Torture is torture because its very intent is to cause suffering, no matter what the aim. Self defense is a concept governed by stopping an individual from completing an act he is immediately carrying out by using the least force necessary to stop that immediate act. The similarity between the two is superficial, and not unlike saying it must be okay to eat humans because we also eat chickens.
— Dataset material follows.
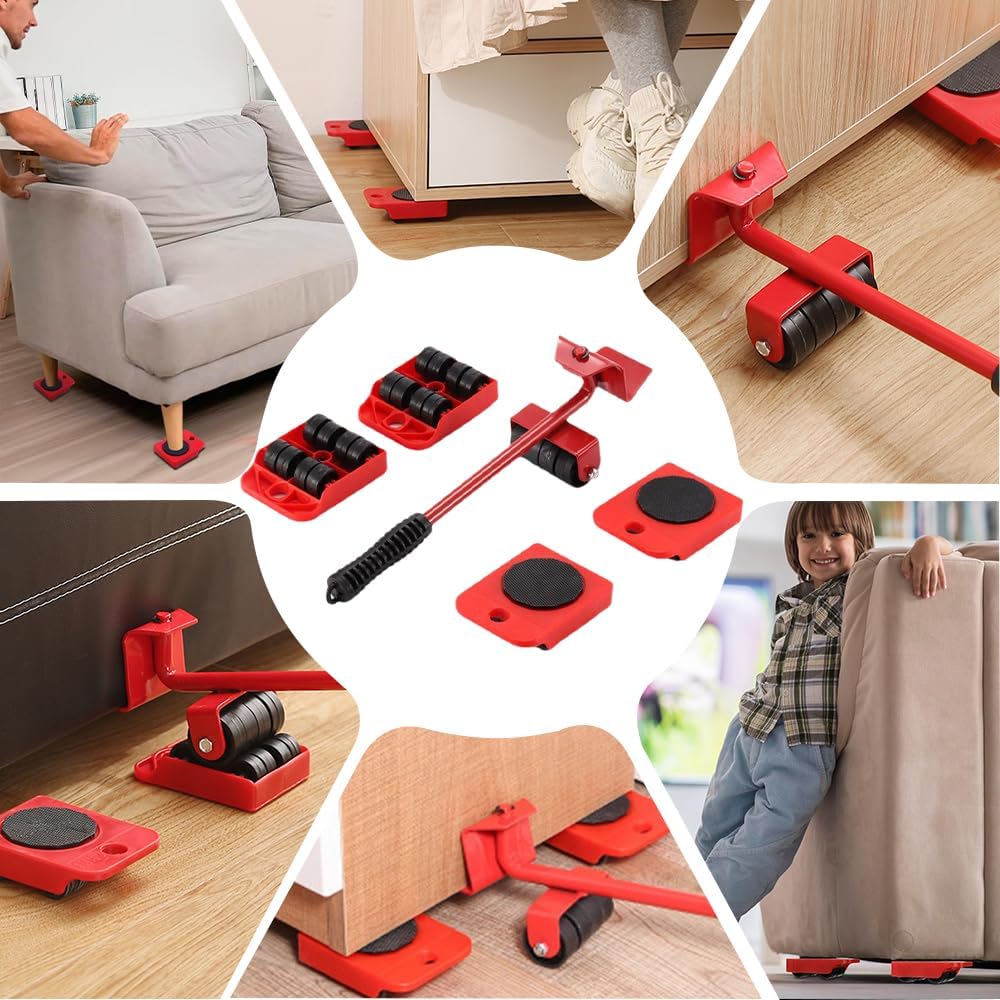 Furniture Lift Mover Tool Set, Furniture Movers with Adjustable Height Lifting Tool Lever & 4 Wheels, Furniture Lifter Moving Sliders for Moving Heavy Furniture, Refrigerator, Sofa, Cabinet (Red)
No, I don’t think you do see what people mean because you’re fundamentally missing the point. Torture is wrong not only because it is unethical, immoral, and possibly evil, but most fundamentally because IT DOES NOT WORK!
People will say anything they think the torturer wants to hear just to make it stop. The things they say don’t have to be true, and if I was Mr Evil Genius who went to all this trouble, I would simply tell you things I thought you wanted to hear (“The virus bomb is at 11 East 50th Street, New York, I PROMISE! No more wild goose chases like the last 5 I sent you out on, no matter I know the time is ticking! I swear on my mother’s name!”) just to get you to leave me alone for a little while. You’ve already said in your scenario there is no way you could guarantee information other than torture, but I would argue the opposite is true - there is no possible way to get someone to tell the truth, the whole truth, and nothing but the truth by torture. Ask any graduate of SERE school - torture will make you say anything, whether you know anything or not, just to make it stop. And jerking around an interrogator is not the most difficult thing to do, especially if you’re a supergenius as you’ve already posited.
I would not torture, in this situation or any other similar, because it does not work.
I might torture for revenge - anyone who harms my family better watch their ass, in other words - but I wouldn’t delude myself into thinking that torture fulfills any other purpose.